Соседство этих двух прилагательных подразумевает отсутствующее существительное, и это, безусловно, traductions, переводы. По сути, выражение les belles infidèles означает лишь «прекрасные вольные переводы». Однако во французском языке прилагательные с предшествующим артиклем могут трактоваться и как существительные, точно так же как the poor или the unwashed в английском. А поскольку les belles стоит в форме женского рода и множественного числа, то выражение может означать и «красавицы», а фразу les belles infidèles в целом можно трактовать как «неверные красавицы». Эта конструкция привела к возникновению еще одной поговорки о переводах, которая с тех пор отягощает все разговоры о них. Переводы, утверждается в этой поговорке, как женщины: Si elles sont belles, elles sont infidèles, mais si elles sont fidèles, elles ne sont pas belles. Если они красивы, то неверны, а если хранят верность, то лишь потому, что они старые клуши. По общепринятым стандартам это довольно вольный перевод, но именно это подразумевается в поговорке (хотя ее можно перевести и в другом ключе: эстетически привлекательные – адаптивны, неадаптивны лишь простушки). Тень этой сексистской чепухи и сейчас падает на одно французское издательство с его в остальном восхитительным списком переводов, названное Les Belles Infidèles.

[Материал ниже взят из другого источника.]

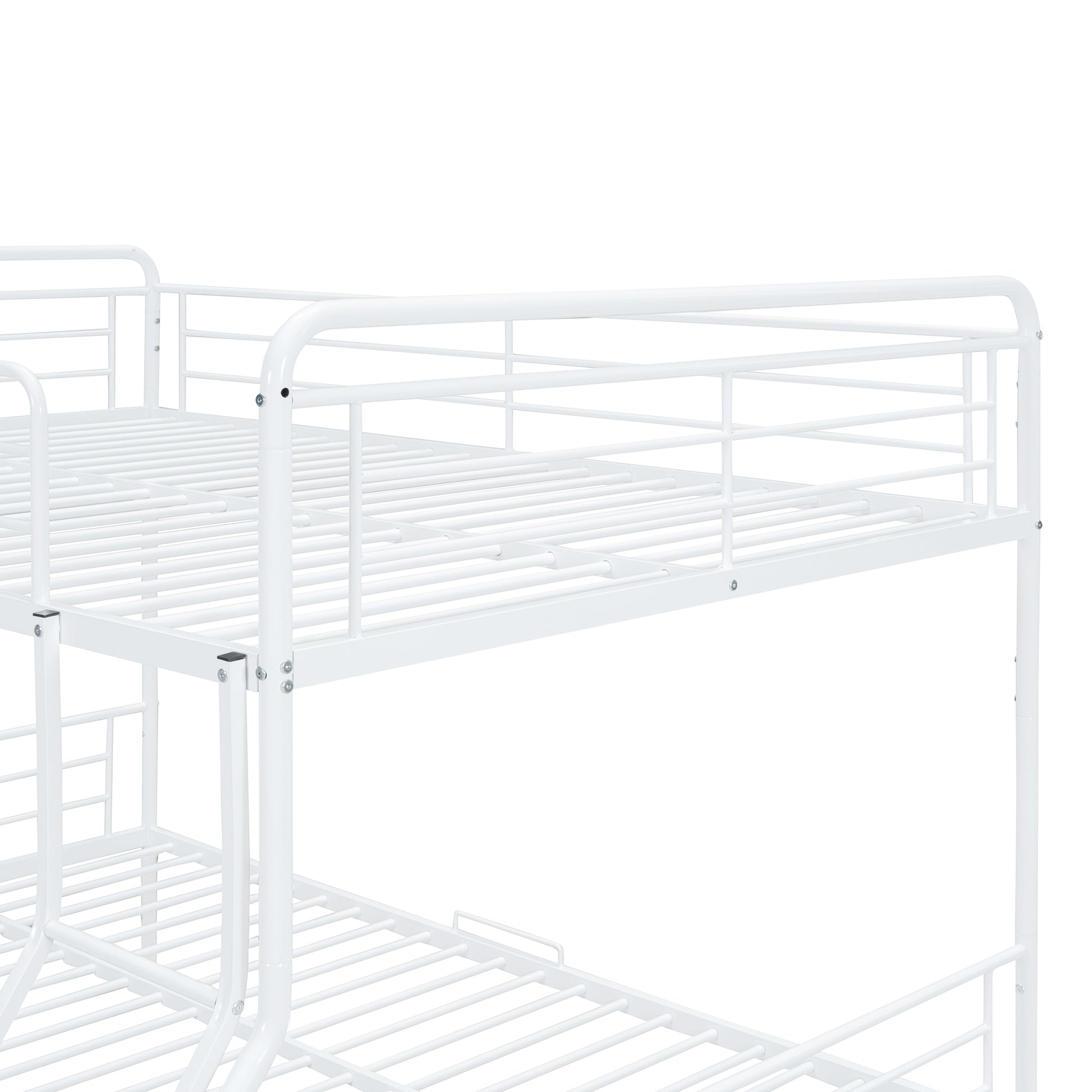 Full Xl Over Queen Metal Bunk Bed With 2 Drawers, White White Iron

Во Франции, как и в англоязычном мире, сексистский язык стал объектом долгих и в основном успешных кампаний; но мало кто замечал, что если во Франции XVII века эта фраза считалась вежливой, то в наше время выражение les belles infidèles как в трехсловной форме, так и в виде построенной на его основе более длинной поговорки оскорбительно для женщин. Для большинства оно приемлемо, потому что считается утверждением о переводах. Но это не так. Оно о мужских тревогах, доходящих до уровня женоненавистничества. Подозреваю, оно потому и применяется к переводам, что – как и в целом этот мотив предательства – свидетельствует о страхе перед ними.
Иные говорят, что хорош тот перевод, который верен оригиналу. Следствием этого было бы утверждать, что плохой перевод – это своего рода предательство, до некоторой степени оправдывая таким образом затасканные и постыдные клише, которые мы попытались опровергнуть. Такое следствие звучало бы правдоподобно, если бы мы знали, что имеем в виду, говоря, что верный перевод – это хороший перевод. Почему слово верный вообще применяют к переводам? Действительно, хорошая супруга верна, а достойный разведчик не предает. Мы также привыкли требовать от слуг верности хозяевам. Но переводчики не женятся на оригиналах и не работают в ЦРУ. Настойчивые требования верности как критерия качества перевода безусловно заставили многих переводчиков называть себя слугами оригинала. Тем самым они возвращаются к историческим и даже доисторическим истокам своей профессии, демонстрируя навыки рабов.
С рабством было покончено в 1888 году в Бразилии. Пора двигаться дальше.